Dieser Ansatz, den die Ökonomen als Delinking bezeichnen, zielt darauf ab, die Länder des Globalen Südens aus ihren strukturellen Abhängigkeiten gegenüber dem Globalen Norden zu lösen. Weil letzterer internationale Reformen seit Jahren blockiert, soll der Süden eigenständig handeln: Importe aus dem Norden verringern, die eigene Industrie stärken, den Süd-Süd-Handel ausweiten, Kapitalflucht eindämmen und die Kontrolle über Devisen zurückgewinnen. Staaten sollen öffentliche Güter ausbauen, industrielle Kapazitäten strategisch entwickeln und Produktion auf gesellschaftliche Bedürfnisse statt auf günstige Exporte ausrichten.

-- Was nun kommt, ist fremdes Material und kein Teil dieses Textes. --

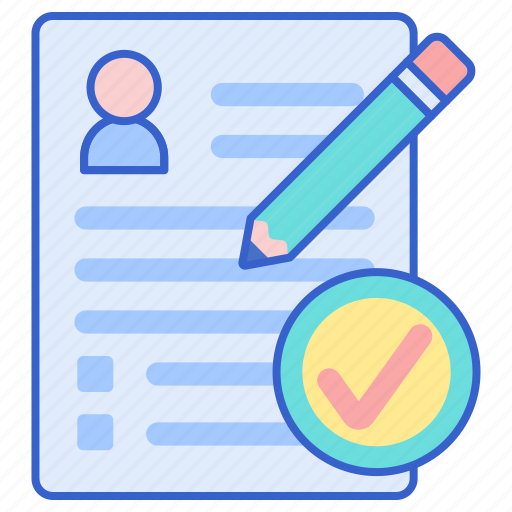 Detail Formular Icon Nomer 16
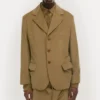 Wreck Jacket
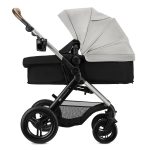03 kinderkraft kolica moov 2 xl 3u1 mink pro moonlight greyjpg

Wenn die Schuldenlast oder Vorgaben des IWF solche Schritte verhindern, plädieren die Verfechter des Delinking für einen koordinierten Schuldenerlass oder notfalls einen Default. Das übergeordnete Ziel ist demnach eine entkolonialisierte, sozial gerechte und ökologisch tragfähige Entwicklungsstrategie, die nicht länger von den Prioritäten der reichen Industrienationen abhängt.

Tatsächlich hat der G20-Gipfel 2025 erneut gezeigt, wie dysfunktional die internationale Ordnung geworden ist. Die globalen Probleme – Schuldenlast, Klimawandel, Ungleichheit, stockende Entwicklung – bleiben bestehen. Die Mechanismen, die sie lösen sollten, funktionieren nicht.

Dennoch hat der Gipfel auch Geschichte geschrieben – als erster seiner Art in Afrika und als Bühne afrikanischer Selbstbehauptung. So könnte das Treffen in Johannesburg ein Meilenstein auf dem Weg zu einer neuen wirtschaftspolitischen Ära sein, zumindest auf dem afrikanischen Kontinent.